Relisez aussi notre dossier spécial : Disparus de la guerre civile : S'ils pouvaient témoigner...


Enfin, dans son article 37, la loi définit un nouveau crime relatif à la disparition forcée, pouvant entraîner une peine de 5 à 15 ans de réclusion criminelle. Compte tenu des débats et inquiétudes soulevés par cet article (et sa compatibilité avec la loi d’amnistie générale du 26 août 1991), il est important de rappeler que ces dispositions n’ont point d’effet rétroactif, selon le principe bien établi en droit pénal.

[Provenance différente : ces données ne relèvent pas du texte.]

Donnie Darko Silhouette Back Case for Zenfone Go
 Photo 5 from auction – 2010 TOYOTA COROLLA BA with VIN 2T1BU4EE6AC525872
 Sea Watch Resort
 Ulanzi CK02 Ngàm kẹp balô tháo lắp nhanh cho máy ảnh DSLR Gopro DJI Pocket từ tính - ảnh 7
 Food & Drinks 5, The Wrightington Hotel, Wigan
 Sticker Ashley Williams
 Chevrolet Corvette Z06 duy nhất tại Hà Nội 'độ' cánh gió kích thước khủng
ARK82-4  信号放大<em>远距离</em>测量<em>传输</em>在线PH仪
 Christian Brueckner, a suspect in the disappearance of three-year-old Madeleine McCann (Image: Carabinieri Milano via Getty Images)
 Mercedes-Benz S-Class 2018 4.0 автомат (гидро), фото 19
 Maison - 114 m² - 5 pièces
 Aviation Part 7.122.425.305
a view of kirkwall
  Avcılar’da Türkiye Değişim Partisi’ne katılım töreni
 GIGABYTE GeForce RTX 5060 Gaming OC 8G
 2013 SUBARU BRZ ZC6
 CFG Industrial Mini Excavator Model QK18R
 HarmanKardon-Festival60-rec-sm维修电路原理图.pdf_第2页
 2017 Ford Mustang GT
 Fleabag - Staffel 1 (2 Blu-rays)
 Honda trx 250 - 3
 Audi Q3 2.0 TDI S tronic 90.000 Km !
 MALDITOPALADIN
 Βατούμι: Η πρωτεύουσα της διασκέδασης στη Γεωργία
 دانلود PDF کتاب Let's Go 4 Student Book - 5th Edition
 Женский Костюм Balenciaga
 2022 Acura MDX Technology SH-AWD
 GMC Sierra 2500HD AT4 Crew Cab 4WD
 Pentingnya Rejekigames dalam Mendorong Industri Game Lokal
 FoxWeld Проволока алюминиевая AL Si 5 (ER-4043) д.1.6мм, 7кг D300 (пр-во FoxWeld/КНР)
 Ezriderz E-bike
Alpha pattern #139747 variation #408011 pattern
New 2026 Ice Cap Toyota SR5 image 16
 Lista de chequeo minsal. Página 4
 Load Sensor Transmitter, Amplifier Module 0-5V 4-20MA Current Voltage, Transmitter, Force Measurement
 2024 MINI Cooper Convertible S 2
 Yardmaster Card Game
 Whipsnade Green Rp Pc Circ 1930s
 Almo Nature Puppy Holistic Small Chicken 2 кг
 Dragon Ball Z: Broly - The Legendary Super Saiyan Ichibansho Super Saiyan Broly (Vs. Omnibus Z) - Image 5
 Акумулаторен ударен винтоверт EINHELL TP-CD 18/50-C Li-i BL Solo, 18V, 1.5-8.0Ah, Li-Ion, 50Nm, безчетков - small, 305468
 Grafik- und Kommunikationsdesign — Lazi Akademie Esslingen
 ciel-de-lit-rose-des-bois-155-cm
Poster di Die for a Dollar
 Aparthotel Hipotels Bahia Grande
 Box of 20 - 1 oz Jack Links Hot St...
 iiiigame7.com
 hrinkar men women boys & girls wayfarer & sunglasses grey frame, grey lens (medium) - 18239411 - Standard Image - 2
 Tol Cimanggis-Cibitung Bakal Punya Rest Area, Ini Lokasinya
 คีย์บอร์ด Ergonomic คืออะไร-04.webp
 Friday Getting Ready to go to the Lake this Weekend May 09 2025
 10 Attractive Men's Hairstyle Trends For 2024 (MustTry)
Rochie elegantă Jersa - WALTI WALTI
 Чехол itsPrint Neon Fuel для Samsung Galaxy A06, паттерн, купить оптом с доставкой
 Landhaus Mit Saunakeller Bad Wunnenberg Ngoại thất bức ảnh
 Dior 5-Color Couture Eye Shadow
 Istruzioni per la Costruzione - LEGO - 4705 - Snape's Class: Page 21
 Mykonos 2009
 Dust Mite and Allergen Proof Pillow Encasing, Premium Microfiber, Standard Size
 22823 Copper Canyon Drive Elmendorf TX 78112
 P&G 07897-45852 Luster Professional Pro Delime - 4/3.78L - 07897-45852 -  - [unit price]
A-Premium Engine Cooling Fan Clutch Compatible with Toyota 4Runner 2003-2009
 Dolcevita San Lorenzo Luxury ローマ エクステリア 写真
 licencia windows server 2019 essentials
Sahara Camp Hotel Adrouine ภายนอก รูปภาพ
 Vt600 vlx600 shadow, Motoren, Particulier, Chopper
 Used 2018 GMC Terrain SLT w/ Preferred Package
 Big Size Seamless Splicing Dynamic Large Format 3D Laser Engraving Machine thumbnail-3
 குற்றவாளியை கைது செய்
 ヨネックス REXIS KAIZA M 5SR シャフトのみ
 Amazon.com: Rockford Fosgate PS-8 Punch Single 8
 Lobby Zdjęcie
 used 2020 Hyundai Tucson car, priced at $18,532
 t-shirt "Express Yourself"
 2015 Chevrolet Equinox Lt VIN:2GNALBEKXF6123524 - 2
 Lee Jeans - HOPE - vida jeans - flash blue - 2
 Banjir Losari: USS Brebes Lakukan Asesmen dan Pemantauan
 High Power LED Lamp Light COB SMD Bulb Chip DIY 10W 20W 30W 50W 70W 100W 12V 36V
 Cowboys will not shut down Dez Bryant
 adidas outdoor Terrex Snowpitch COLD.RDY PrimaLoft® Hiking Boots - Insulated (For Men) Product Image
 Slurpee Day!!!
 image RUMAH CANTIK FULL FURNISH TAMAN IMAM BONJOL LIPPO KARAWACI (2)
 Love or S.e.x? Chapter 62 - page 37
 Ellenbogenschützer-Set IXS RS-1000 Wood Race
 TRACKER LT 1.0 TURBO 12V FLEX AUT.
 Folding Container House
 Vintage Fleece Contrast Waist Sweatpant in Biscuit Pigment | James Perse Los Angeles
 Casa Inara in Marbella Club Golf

Maintenant que la loi est votée, toute l’attention doit se porter sur sa bonne application (qui n’a pas nécessairement besoin de décrets d’application), à savoir : la nomination d’abord de (bons) candidats à la Commission nationale par les diverses instances indépendantes qui en sont chargées ; puis la désignation de ses 10 membres et sa dotation en ressources financières appropriées en Conseil des ministres ; enfin, et c’est là une vraie gageure, le succès de la mise en œuvre effective par la commission de l’ensemble des missions évoquées plus haut, avec courage et sagesse. L’un des principaux défis à cet égard sera de déterminer, par exemple, dans quel ordre commencer l’exhumation des fosses communes et comment surmonter les obstacles politiques éventuels.

Le combat est donc loin d’être fini : restons vigilants !

Par Ghassan Moukheiber

Avocat, ancien député (2002-2018), coauteur de la loi du 13/11/18 sur les victimes des disparitions forcées et ancien président de la sous-commission qui l’a élaborée au Parlement.